Investimenti alternativi, cosa sta frenando il mercato?

Redazione Money Premium

19 Settembre 2023 - 07:00

I fondi alternativi hanno raccolto 740 miliardi di dollari dall’inizio dell’anno, registrando un calo significativo del 27% rispetto allo scorso anno.

 Investimenti alternativi, cosa sta frenando il mercato?

Il mondo degli investimenti finanziari è in costante evoluzione, e l’anno in corso sta portando con sé alcune sfide inaspettate per gli investimenti alternativi.

Questi investimenti, che includono asset come il private equity, gli hedge fund, il mercato immobiliare e il credito, stanno vivendo un periodo di rallentamento dopo anni di crescita costante.
Secondo i dati forniti da Preqin, i fondi alternativi hanno raccolto 740 miliardi di dollari dall’inizio dell’anno, registrando un calo significativo del 27% rispetto al periodo corrispondente dell’anno precedente, quando erano stati raccolti 1,02 trilioni di dollari. Questa tendenza è in netto contrasto con le previsioni di un continuo boom nel settore degli investimenti alternativi, che avrebbero dovuto portare il patrimonio gestito a quota 26 trilioni di dollari entro il 2026, secondo un rapporto di Preqin del 2022. In effetti, i fondi alternativi avevano raccolto complessivamente 1,5 trilioni di dollari nel 2022, dimostrando la robustezza del settore fino a quel momento.

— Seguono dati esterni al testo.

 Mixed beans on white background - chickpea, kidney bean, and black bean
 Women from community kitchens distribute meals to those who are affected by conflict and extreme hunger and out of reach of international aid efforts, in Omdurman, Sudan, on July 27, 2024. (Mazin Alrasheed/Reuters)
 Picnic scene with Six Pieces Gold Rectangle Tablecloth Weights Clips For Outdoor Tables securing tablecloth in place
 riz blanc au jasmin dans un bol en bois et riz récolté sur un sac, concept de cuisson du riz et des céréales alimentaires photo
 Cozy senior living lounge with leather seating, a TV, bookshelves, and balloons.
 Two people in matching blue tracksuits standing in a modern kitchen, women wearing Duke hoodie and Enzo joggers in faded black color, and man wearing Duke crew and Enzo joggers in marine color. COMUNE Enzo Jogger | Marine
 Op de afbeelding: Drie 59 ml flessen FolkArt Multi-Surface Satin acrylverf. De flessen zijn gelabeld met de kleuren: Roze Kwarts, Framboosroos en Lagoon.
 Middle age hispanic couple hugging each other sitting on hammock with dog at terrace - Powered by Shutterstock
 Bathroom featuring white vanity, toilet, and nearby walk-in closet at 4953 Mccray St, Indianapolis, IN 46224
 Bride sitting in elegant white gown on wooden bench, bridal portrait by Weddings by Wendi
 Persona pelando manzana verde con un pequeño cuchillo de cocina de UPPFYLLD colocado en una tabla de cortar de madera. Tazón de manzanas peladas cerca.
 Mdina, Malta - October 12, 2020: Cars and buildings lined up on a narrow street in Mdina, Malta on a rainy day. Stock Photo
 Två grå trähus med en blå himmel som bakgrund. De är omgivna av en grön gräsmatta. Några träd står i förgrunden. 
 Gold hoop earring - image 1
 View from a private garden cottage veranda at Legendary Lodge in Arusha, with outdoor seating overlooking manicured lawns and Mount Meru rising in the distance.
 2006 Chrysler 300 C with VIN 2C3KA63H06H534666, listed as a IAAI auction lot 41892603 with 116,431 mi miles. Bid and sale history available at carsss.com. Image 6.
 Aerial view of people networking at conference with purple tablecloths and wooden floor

Tuttavia, il cambiamento di rotta del mercato è evidente, e molteplici fattori sembrano aver contribuito a questa inversione di tendenza. Tre sono i fattori principali che hanno influenzato questa situazione: la volatilità dei mercati finanziari, le tensioni geopolitiche e i tassi di interesse instabili.
Il mercato finanziario è stato scosso da questi fattori nel corso dell’ultimo anno, causando incertezza tra gli investitori. Inoltre, l’anno precedente è stato caratterizzato da una frenetica attività di fusione e acquisizione, con grandi gestori istituzionali e case di fondi comuni di investimento che hanno acquisito gestori alternativi in una corsa per offrire prodotti di investimento ai clienti. Tuttavia, il calo dei mercati azionari nell’anno precedente ha spinto alcuni investitori a rivedere le proprie allocazioni agli investimenti alternativi all’inizio del 2023.

Gli investitori istituzionali, come i fondi pensione, i fondi di dotazione e le fondazioni, si sono imposti limiti sulle quantità di capitale che possono investire in ciascuna asset class. Questi limiti hanno lasciato molti sovraesposti e incapaci di allocare ulteriori risorse agli investimenti alternativi, come il private equity. Allo stesso tempo, i fondi alternativi hanno offerto rendimenti inferiori agli investitori a causa delle valutazioni depresse e di un mercato delle IPO stagnante, che ha reso i gestori riluttanti a vendere asset, limitando così il flusso di nuovo capitale verso nuovi fondi.
Un altro aspetto interessante è il mercato secondario, dove le quote di private equity vengono rivendute. Questo mercato ha registrato un aumento di attività, poiché molte istituzioni cercano di ridurre la loro esposizione al private equity, il che ha contribuito ad aumentare la liquidità del mercato secondario.

Tuttavia, non tutto è negativo nel settore degli investimenti alternativi. Il credito privato e alcuni segmenti del mercato immobiliare commerciale hanno registrato una raccolta fondi positiva, nonostante le sfide poste dalla pandemia. Allo stesso tempo, alcune asset class, come il private equity e le infrastrutture, stanno raccogliendo meno risorse rispetto agli anni precedenti, ma rimangono comunque un’opzione di investimento attraente.
Nonostante il rallentamento dei flussi di denaro verso gli investimenti alternativi, è importante sottolineare che il settore non è in declino totale. Il numero di fondi alternativi raccolti dall’inizio dell’anno è diminuito del 53% rispetto allo stesso periodo del 2022, ma la dimensione media dei fondi è aumentata, attestandosi a 600 milioni di dollari, quasi 200 milioni in più rispetto all’anno precedente.

Gli investitori stanno valutando attentamente le loro opzioni alla luce delle attuali sfide di mercato, ma è probabile che il settore continui a evolversi e a cercare opportunità di crescita. Tuttavia, sarà necessario del tempo prima che gli investimenti ritornino ai livelli precedenti, e le aziende potrebbero dover rimandare i loro piani di uscita sul mercato.